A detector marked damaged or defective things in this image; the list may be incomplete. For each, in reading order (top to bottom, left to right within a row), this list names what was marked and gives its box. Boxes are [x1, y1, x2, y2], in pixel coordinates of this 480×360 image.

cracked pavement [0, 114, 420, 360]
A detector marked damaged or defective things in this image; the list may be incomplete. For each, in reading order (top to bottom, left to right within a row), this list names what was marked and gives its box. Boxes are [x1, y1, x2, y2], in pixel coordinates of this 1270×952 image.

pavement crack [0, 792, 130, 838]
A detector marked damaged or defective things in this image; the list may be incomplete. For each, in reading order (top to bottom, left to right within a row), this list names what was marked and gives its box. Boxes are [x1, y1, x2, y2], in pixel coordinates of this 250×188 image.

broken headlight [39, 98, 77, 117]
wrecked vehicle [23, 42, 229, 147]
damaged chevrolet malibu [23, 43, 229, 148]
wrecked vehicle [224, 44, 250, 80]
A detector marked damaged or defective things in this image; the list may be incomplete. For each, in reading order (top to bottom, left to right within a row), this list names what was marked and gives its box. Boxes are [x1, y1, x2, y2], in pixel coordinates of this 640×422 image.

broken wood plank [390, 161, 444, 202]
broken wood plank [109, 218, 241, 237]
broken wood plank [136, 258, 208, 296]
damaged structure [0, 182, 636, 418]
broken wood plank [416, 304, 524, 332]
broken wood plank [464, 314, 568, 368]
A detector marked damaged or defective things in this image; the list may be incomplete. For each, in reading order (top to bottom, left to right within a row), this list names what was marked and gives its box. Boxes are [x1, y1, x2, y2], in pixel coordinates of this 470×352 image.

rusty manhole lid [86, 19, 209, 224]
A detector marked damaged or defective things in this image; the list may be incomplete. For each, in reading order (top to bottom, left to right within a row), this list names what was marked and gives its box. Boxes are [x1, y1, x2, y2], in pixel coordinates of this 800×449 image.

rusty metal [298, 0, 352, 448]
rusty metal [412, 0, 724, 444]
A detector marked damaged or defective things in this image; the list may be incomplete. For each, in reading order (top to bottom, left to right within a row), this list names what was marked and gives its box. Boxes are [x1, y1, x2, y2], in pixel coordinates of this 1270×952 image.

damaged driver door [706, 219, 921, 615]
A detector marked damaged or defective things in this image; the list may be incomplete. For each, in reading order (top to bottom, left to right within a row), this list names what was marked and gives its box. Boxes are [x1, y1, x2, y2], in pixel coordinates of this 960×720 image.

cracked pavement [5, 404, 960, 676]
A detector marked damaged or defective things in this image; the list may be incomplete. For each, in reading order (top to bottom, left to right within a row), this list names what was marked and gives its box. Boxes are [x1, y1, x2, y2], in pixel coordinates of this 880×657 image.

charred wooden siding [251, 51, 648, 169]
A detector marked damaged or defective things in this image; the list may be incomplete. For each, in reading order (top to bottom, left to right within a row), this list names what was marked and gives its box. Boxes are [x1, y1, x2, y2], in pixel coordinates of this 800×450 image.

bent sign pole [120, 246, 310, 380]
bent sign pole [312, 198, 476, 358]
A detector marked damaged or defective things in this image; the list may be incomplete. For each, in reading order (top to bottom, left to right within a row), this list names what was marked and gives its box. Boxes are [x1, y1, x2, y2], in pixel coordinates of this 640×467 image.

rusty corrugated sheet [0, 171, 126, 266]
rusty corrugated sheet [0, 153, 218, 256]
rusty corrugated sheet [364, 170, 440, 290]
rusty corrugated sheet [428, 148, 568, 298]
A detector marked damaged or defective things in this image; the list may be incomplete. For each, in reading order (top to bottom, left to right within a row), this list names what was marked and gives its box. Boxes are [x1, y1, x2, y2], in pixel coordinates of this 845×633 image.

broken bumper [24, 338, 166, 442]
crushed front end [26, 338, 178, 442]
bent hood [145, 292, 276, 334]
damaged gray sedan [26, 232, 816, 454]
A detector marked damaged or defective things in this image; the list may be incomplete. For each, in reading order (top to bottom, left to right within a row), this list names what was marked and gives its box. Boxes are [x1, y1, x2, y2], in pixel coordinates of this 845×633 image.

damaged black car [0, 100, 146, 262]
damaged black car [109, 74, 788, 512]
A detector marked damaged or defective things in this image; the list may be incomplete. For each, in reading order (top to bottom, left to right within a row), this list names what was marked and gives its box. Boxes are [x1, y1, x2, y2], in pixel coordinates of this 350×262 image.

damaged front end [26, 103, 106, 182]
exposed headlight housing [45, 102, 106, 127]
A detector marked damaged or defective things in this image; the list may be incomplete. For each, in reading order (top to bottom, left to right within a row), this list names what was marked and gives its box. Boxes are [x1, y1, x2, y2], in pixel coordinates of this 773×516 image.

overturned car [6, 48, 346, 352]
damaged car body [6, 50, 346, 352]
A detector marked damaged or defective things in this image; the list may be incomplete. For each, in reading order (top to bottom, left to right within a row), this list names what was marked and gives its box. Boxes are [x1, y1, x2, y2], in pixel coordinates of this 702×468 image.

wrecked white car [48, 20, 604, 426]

****

Activity: Restate the final lines of the listing above word for word, beginning at the line that contains "this 350×262 image.".

Answer space:
A detector marked damaged or defective things in this image; the list may be incomplete. For each, in reading order (top to bottom, left to right within a row), this list names what was marked and gives its box. Boxes are [x1, y1, x2, y2], in pixel coordinates of this 350×262 image.

damaged front end [26, 103, 106, 182]
exposed headlight housing [45, 102, 106, 127]
A detector marked damaged or defective things in this image; the list may be incomplete. For each, in reading order (top to bottom, left to right within a row), this list names what was marked and gives its box. Boxes are [x1, y1, x2, y2], in pixel coordinates of this 773×516 image.

overturned car [6, 48, 346, 352]
damaged car body [6, 50, 346, 352]
A detector marked damaged or defective things in this image; the list may be incomplete. For each, in reading order (top to bottom, left to right within a row), this list names what was marked and gives its box. Boxes are [x1, y1, x2, y2], in pixel coordinates of this 702×468 image.

wrecked white car [48, 20, 604, 426]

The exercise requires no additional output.